Her robe fell open — she said she was naked underneath — as one man pulled her toward him. “I was certain that was the moment that he was going to rape me,” Kardashian said.
One attacker leaned in and told her, in English, she’d be OK if she stayed quiet. He taped her mouth shut, and took her to the bathroom.
Kardashian later managed to free her hands by rubbing the tape against the bathroom sink. She hopped downstairs, ankles still bound, and found her friend and stylist, Simone Harouche. Fearing the men might return, the women climbed onto the balcony and hid in bushes. While lying there, Kardashian called her mother.
The men took a diamond ring she’d worn that night to a Givenchy show and rifled through her jewelry box. They took items including a watch her late father had given her when she graduated high school. “It wasn’t just jewelry. It was so many memories,” she said.
A changed life and constant fear
Investigators believe the attackers followed Kardashian’s digital breadcrumbs — images, timestamps, geotags — and exploited them with old-school criminal methods.
The robbery reshaped Kardashian’s sense of safety and freedom. “This experience really changed everything for us,” she said. “I started to get this phobia of going out.”
She often rents adjoining hotel rooms for protection and no longer stores jewelry at home, and now has up to six security guards at home.
“I can’t even sleep at night” otherwise, she said.
She also said she no longer makes social media posts in real time unless at a public event. Her Los Angeles home was robbed shortly after the Paris heist in what she believes was a copycat attack.
A letter and an unexpected moment of grace
In a powerful courtroom moment, the chief judge read aloud a letter from one of the accused, who is too ill to testify.

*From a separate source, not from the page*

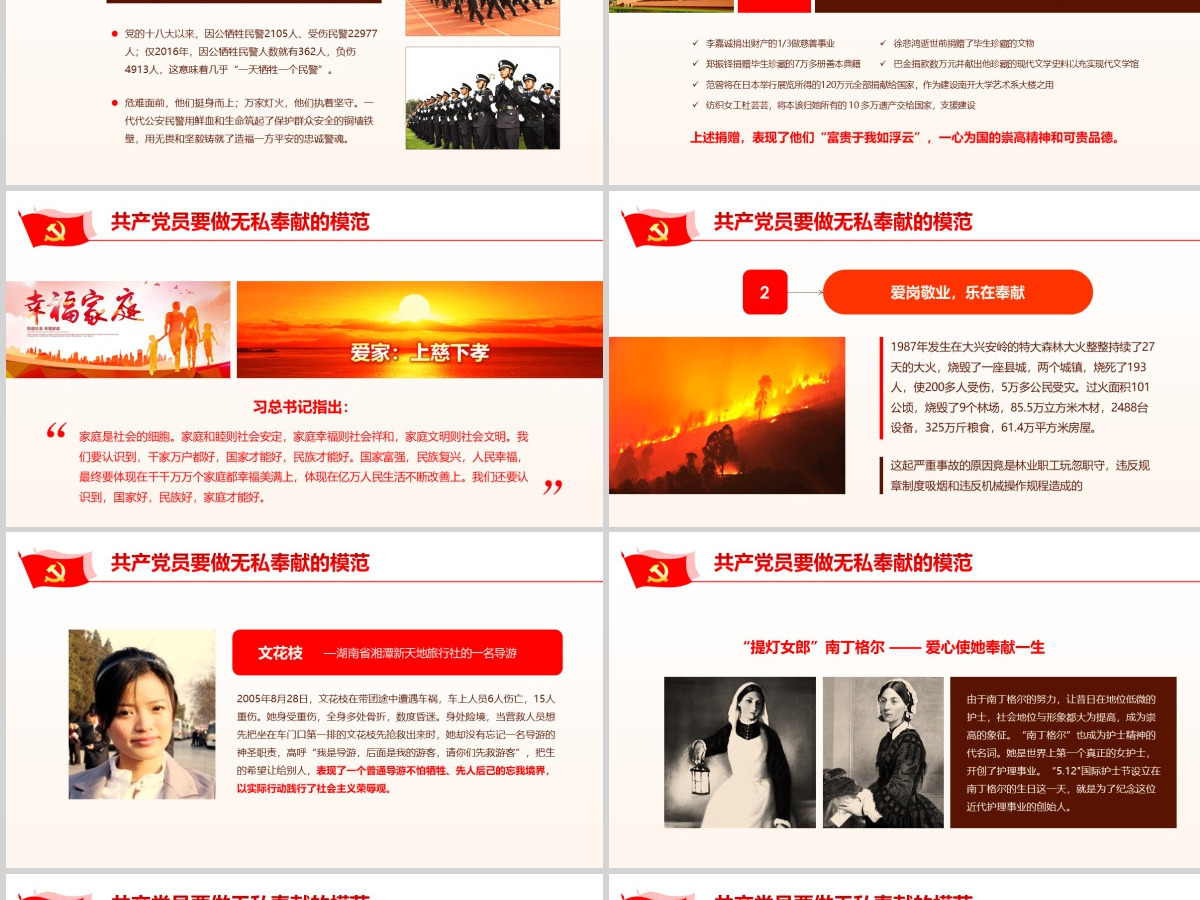 爱岗敬业无私奉献党课ppt模板党员学习课件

The letter said he had seen Kardashian’s tears on television and expressed regret. Kardashian was visibly moved.
“I’m obviously emotional,” she said in response.

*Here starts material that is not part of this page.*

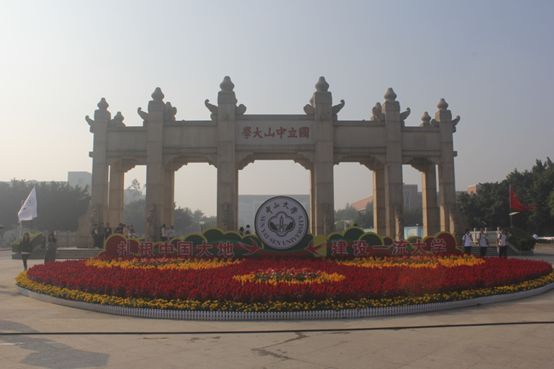 东校园牌坊新花坛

“I do appreciate the letter, for sure,” she added. “I forgive you for what had taken place. But it doesn’t change the emotion, the trauma, and the way my life is forever changed.”
Kardashian, who is studying to become a lawyer, added that she regularly visits prisons. “I’ve always believed in second chances,” she said.
Diamonds, defiance and public image
Kardashian made a fashion statement in court, wearing a $1.5 million necklace by Samer Halimeh New York. The jeweler’s press release for the necklace came out even as she was on the witness stand, a reminder that visibility remains currency, even if the rules have grown more complicated.
The choice reflected defiance and the reclaiming of the image and luxury once used against her.
Kardashian said Paris had once been a sanctuary, a place where she would walk at 3 or 4 a.m., window shopping, sometimes stopping for hot chocolate. It “always felt really safe,” she said. “It was always a magical place.”
What’s next
Twelve suspects were originally charged. One has died. One was excused due to illness. The French press dubbed the group les papys braqueurs — “the grandpa robbers” — but prosecutors say they were no harmless retirees.
The defendants face charges including armed robbery, kidnapping and gang association. If convicted, they could face life in prison.
Kardashian said she was grateful for the opportunity to “tell my truth” in the packed Paris courtroom.
“This is my closure,” she said. “This is me putting this, hopefully, to rest.”
The trial is expected to conclude May 23.